Example: To write the number 4505 and 31 hundredths in English, you’d write “4,505.31″. In German or Spanish however, the comma is the decimal separator, in turn using the point as the “digit group separator”: “4.505,31″. Swiss German, however, uses an apostrophe-like character as a digit group separator: “4’505,31″. And so on, and so forth.
All of these are supposedly addressed by using the number_format() function, feeding it the number to be displayed and the regionally appropriate separator characters.
Sadly though, when you do this for Russian and other eastern European languages, your result looks like this:

The reason is that number_format can’t handle UTF-8 multi-byte characters (which are commonly used to encode non-ASCII characters, like ü, ß, or the whole Cyrillic alphabet. In fact, this whole blog is served to you in UTF-8-encoded characters.) If you think that’s ironic that a function meant to simplify localization cannot handle the characters needed for exactly that purpose, so do I.
Either way, in order not to make our international customers too sad, I wrote a little workaround for this problem, and it’s actually quite simple: First it formats the number with placeholders (both “single-byte” characters, so number_format can handle them), and then it uses str_replace() to replace these characters by the ones appropriate for your current locale.
Here you go, the whole code for your entertainment and use, if you want to. Just, if you use it, I’d appreciate you leaving a comment here. Have fun!
/**
* multibyte-safe number_format function.
* Uses regular php number_format with "safe" placeholders, then replaces
* them by their actual (possibly multi-byte) counterparts.
*/
function mb_number_format($number, $num_decimal_places = 0) {
$localeconv = localeconv();
$placeholders = array('@', '~');
$actual = array($localeconv['decimal_point'], $localeconv['thousands_sep']);
// format number with placeholders
$formatted = number_format($number, $num_decimal_places,
$placeholders[0], $placeholders[1]);
// replace by localized characters
$formatted = str_replace($placeholders, $actual, $formatted);
return $formatted;
}

I ran across a similar issue before as well. It should be noted the function was never designated as multi-byte safe, so it shouldn’t be assumed to be.
It’s been documented before too:
http://us2.php.net/manual/en/function.number-format.php#69192
Good grief PHP is a mess. You even have to feed it the separators yourself?
Actually, your function does not work properly. This is because str_replace processes your array one item at a time. That is to say, first it will search the entire string for all occurrences of the first item, and replace them, then it will search this string for all occurrences of the second item, and replace those.

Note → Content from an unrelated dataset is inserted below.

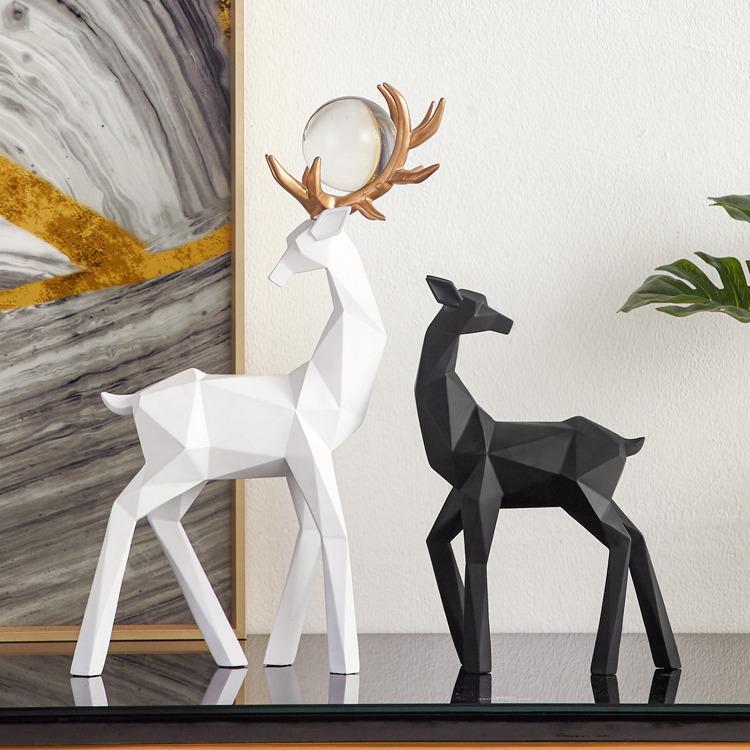 Nordic Style Modern Deer Ornament - Creative Animal Design for Home Decoration and Gifts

So, if localeconv() gives you back array(‘,’, ‘.’), which is what it should do for the Dutch locale, for instance – then the result of 1234.56 becomes 1.234.56, whereas it should be 1.234,56 . This is because at first the dots are changed to commas, and then all commas to dots.
In javascript at least, you can call .replace with a regexp (matching both items) and a function parameter, so you could do something like:
“1,234.56″.replace(/[,.]/g, function(match) { return (match == “.”) ? “,” : “.”; } );
which does what you want. I’m not sure if preg_replace or friends have similar functionality in php, I’m not very familiar with it.
Robert:
Yet again, due to the nature of the functions very purpose, it should be multi-byte save. I guess that might be source of the wrong assumption that it is. Or as Frederic put it: it s kind of ironic that it isn’t.
@Robert, this is correct. The manual does not claim this function being multi-byte safe. However, it’s one of the functions where you would surely hope it was
@Gijs: oh, thanks for pointing this out. I guess I could get around this by using more exceptional placeholders (like @ and ~), I’m going to do this now but that’s not quite as universal as I’d like it to be. When I looked at the preg_replace manual page though I didn’t find information so far on how it does the string replacements, so I may have to test that.
@Robert: another thing: that comment you linked to was actually the hint that pointed me into the right direction for figuring out where these question marks came from.
When I googled for a workaround though, I couldn’t find one (except possibly whole frameworks that also handle this correctly) so I just wrote a little function myself.
Actually, number_format is also broken in another aspect – it assumes that you always want to group three digits together. Now for some locales that isn’t what you want to do, see http://blogs.msdn.com/oldnewthing/archive/2006/04/17/577483.aspx
Now you can have fun fixing Japanese locale on AMO.
Wladimir, thank you for your comment. nothingEverEasy++ While I don’t think the Japanese people will chop our heads off for three-digit-grouping their numbers, this aspect indeed adds to the annoyance of number_format.